═════ Records to use

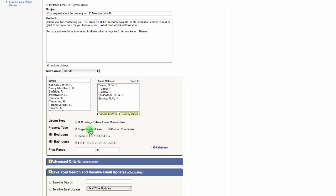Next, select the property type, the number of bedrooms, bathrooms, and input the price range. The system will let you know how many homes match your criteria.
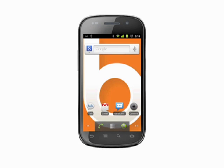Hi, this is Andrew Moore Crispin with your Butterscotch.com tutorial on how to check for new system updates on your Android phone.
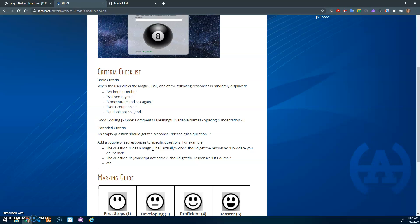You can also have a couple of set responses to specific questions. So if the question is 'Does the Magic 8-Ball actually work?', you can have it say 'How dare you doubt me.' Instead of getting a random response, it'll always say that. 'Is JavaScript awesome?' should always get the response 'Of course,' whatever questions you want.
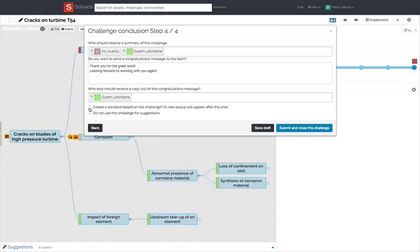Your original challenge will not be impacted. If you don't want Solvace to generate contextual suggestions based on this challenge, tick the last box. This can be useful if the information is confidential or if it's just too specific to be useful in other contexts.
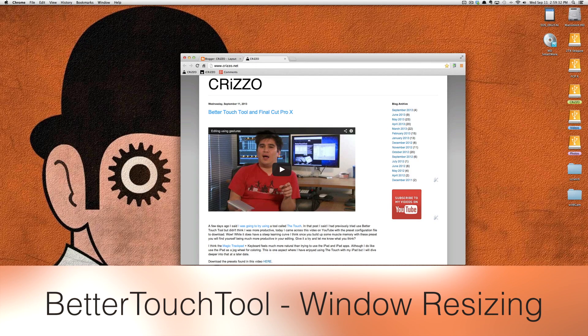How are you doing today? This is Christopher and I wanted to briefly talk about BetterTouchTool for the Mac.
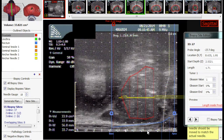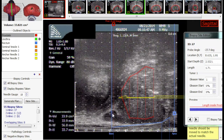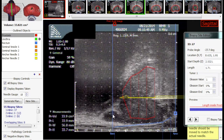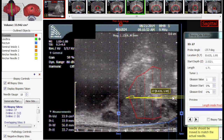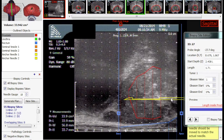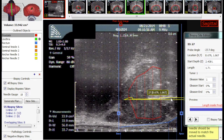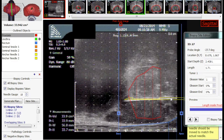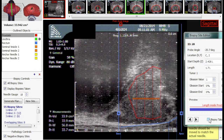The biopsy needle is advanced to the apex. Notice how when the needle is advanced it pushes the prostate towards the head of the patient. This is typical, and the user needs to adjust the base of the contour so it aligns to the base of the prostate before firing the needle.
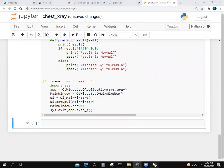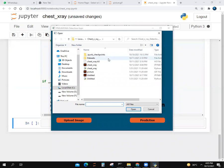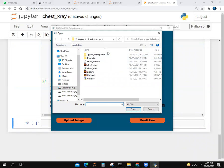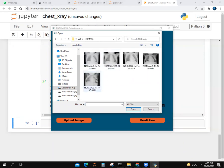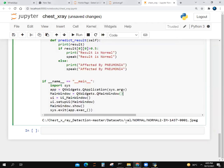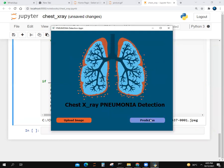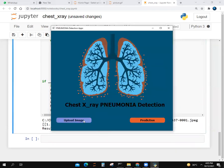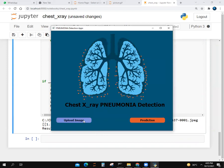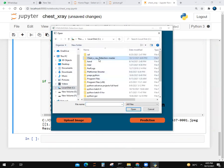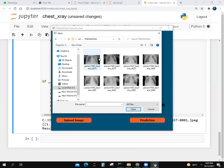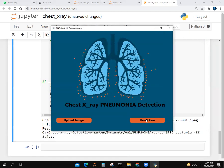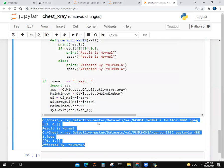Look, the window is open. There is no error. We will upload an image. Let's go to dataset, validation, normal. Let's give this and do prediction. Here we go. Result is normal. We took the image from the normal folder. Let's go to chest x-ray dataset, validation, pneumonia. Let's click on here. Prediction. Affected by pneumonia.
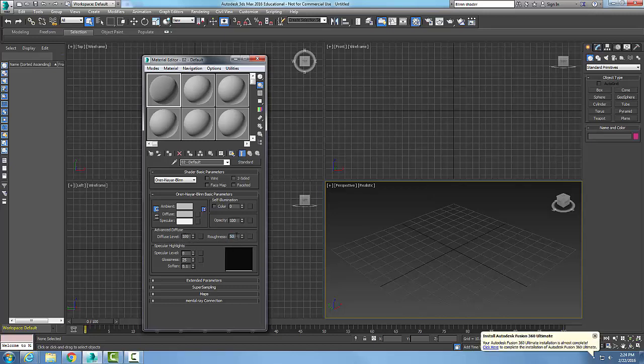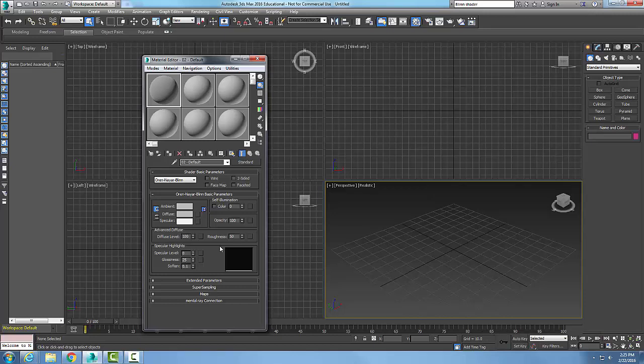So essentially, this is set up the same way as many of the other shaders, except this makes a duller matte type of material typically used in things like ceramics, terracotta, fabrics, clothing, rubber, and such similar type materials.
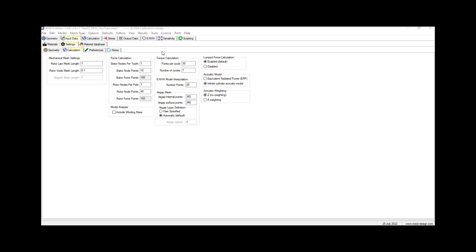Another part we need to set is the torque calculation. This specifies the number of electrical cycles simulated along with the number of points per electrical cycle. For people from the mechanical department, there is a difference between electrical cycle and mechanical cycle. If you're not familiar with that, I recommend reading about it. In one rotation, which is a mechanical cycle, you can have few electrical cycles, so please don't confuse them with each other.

══════════

Word for word, reproduce all the data, but not the pictures.

Response to this exercise
Next, select the property type, the number of bedrooms, bathrooms, and input the price range. The system will let you know how many homes match your criteria.
Hi, this is Andrew Moore Crispin with your Butterscotch.com tutorial on how to check for new system updates on your Android phone.
You can also have a couple of set responses to specific questions. So if the question is 'Does the Magic 8-Ball actually work?', you can have it say 'How dare you doubt me.' Instead of getting a random response, it'll always say that. 'Is JavaScript awesome?' should always get the response 'Of course,' whatever questions you want.
Your original challenge will not be impacted. If you don't want Solvace to generate contextual suggestions based on this challenge, tick the last box. This can be useful if the information is confidential or if it's just too specific to be useful in other contexts.
How are you doing today? This is Christopher and I wanted to briefly talk about BetterTouchTool for the Mac.
The biopsy needle is advanced to the apex. Notice how when the needle is advanced it pushes the prostate towards the head of the patient. This is typical, and the user needs to adjust the base of the contour so it aligns to the base of the prostate before firing the needle.
Look, the window is open. There is no error. We will upload an image. Let's go to dataset, validation, normal. Let's give this and do prediction. Here we go. Result is normal. We took the image from the normal folder. Let's go to chest x-ray dataset, validation, pneumonia. Let's click on here. Prediction. Affected by pneumonia.
So essentially, this is set up the same way as many of the other shaders, except this makes a duller matte type of material typically used in things like ceramics, terracotta, fabrics, clothing, rubber, and such similar type materials.
Another part we need to set is the torque calculation. This specifies the number of electrical cycles simulated along with the number of points per electrical cycle. For people from the mechanical department, there is a difference between electrical cycle and mechanical cycle. If you're not familiar with that, I recommend reading about it. In one rotation, which is a mechanical cycle, you can have few electrical cycles, so please don't confuse them with each other.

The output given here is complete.